毎日が遺言

袴田事件

 ニュースステーションを見ていたら、殺人容疑で死刑判決を受けて40年間、自白の強要と無罪を訴えている袴田死刑囚の、その判決文を書いた元裁判官が出ていた。
 彼は「体力も精神力も弱ってきたので、今のうちに言っておきたい」として、袴田さんの死刑判決には当時おかしいと思っていたが、他の裁判官を説得する力がなかったので合議で死刑になったことを話していた。そして「自分は無罪だと思っていた」と言っていた。これからは袴田さんの再審の力になるという。
 彼は、インタビュアーに「もし袴田さんに会ったらどう言いますか?」と問われ、涙を流しながら「言葉は出ないと思います。

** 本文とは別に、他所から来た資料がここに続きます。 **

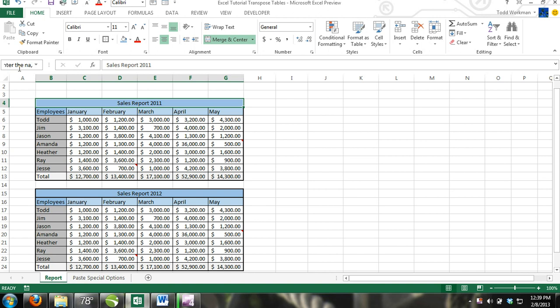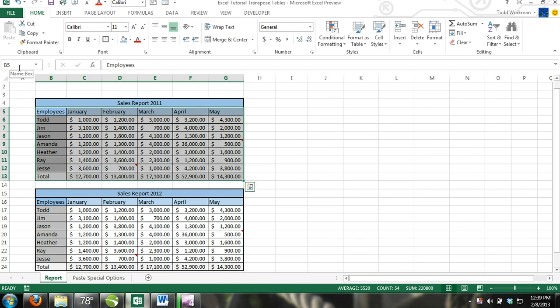For example, it would be much easier to remember a range of cells by the name Sales Report than it would be to remember B5 colon G13 or even worse, Sheet 3 exclamation point B5 colon Sheet 3 exclamation point G13.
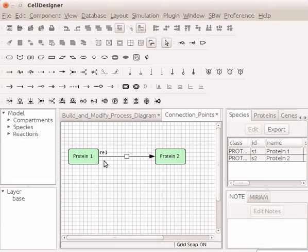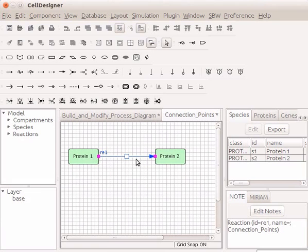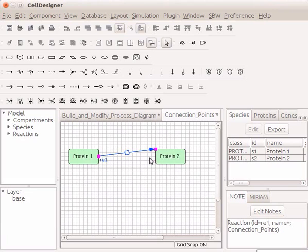Next, we will align the reaction line. Click on the state transition reaction line between Protein1 and Protein2. Note that the two process nodes on the reaction line get highlighted. If we hover the mouse on either of the two process nodes, a plus sign appears. Click on one of the process nodes. Now drag and place the pointer on the preferred connection point. Click anywhere on the draw area to uncheck the highlighted process nodes.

15分なら15分、ただただ頭を下げて泣いているでしょう」と答えていた。
 裁判官が自ら裁判の過ちを言うことは勇気が要るだろうし、司法の健全さにとってもいいことには違いない。これによって力を得る人もたくさんあると思う。
 でもね。
 40年間、ぬれぎぬを裁判で認めてしまったために自由を奪われ生活を奪われ自分の人生を奪われた人の、やるせなさや悔しさや恨みや絶望や、そんなものを本当に感じていたのなら、「頭を下げて泣いている」というような甘っちょろい言葉は出てこないんじゃないかと思うよ。
 元裁判官さん、あなたの気持ちを踏みにじる気はさらさらないけど、結果として人一人の人生を奪った“張本人”の一人として、今すぐにでも袴田さんの前に行くべきじゃないんですか?「私の全財産を擲ってでも袴田さんの無罪獲得のために尽くします」と断言するべきじゃないんですか?
 あなたの良心を、私は素晴らしいと思います。しかし、それを行動で実現してこそ信頼が生まれるんだと思うのです。
 どうか、袴田という一人の男の名誉回復のみならず、司法が真に市民を守る存在であるために、残りの人生をかけてがんばってほしい。
 そんなもん、ぬれぎぬ着せられて、裁判官の多数決とか強い意見とかで、真実よりも間違いが優先される司法権力って、安心して生活できへんやん!

コメント一覧

みらパパ
http://yaplog.jp/mirapapa/
実は私も詳しく知っているわけではなく、たまたま昨夜のニュースステーションで聴いたというだけのことなのです。
ただ、免田事件で再審無罪のニュースがあった時に、いまだ再審の道が開けない狭山事件と並んで「袴田」という名前を聞いたような記憶がありました。
だから「あれ?テレビで取り上げてるぞ」と、思わず聞き入ったわけでして。
この報道で、人の命をさばく裁判官がとても感覚の鈍い人たちなんだなと感じてブログに書いたのです。やっぱりそうか、良心がある人でさえそうか、という印象でした。
いえ、裁判官の人たちが真摯に仕事をしていないなどというつもりはありません。ただ、人としての感覚が鈍い部分がある。それも大事な部分が。
それは恐ろしいことですよね。
もちろんその感覚の鈍さが政治権力と結びついた時に、爆弾に市民がさらされることはたやすく想像できることですね。
tani
http://plaza.rakuten.co.jp/05594/

ボクは「袴田事件」については良く分りません。
「横浜事件」に連座した方が私の町にいますが、ご子息は発言は何も、なさっていないようです。彼は東大(灯台か?)」出。官僚→町長です。
横浜事件。さらに袴田事件知る人は少なくなりました。

勿論ボクは知りませんが、バクダンが空からばら撒かれる恐怖だけは、身をもって体験いたしておりまする。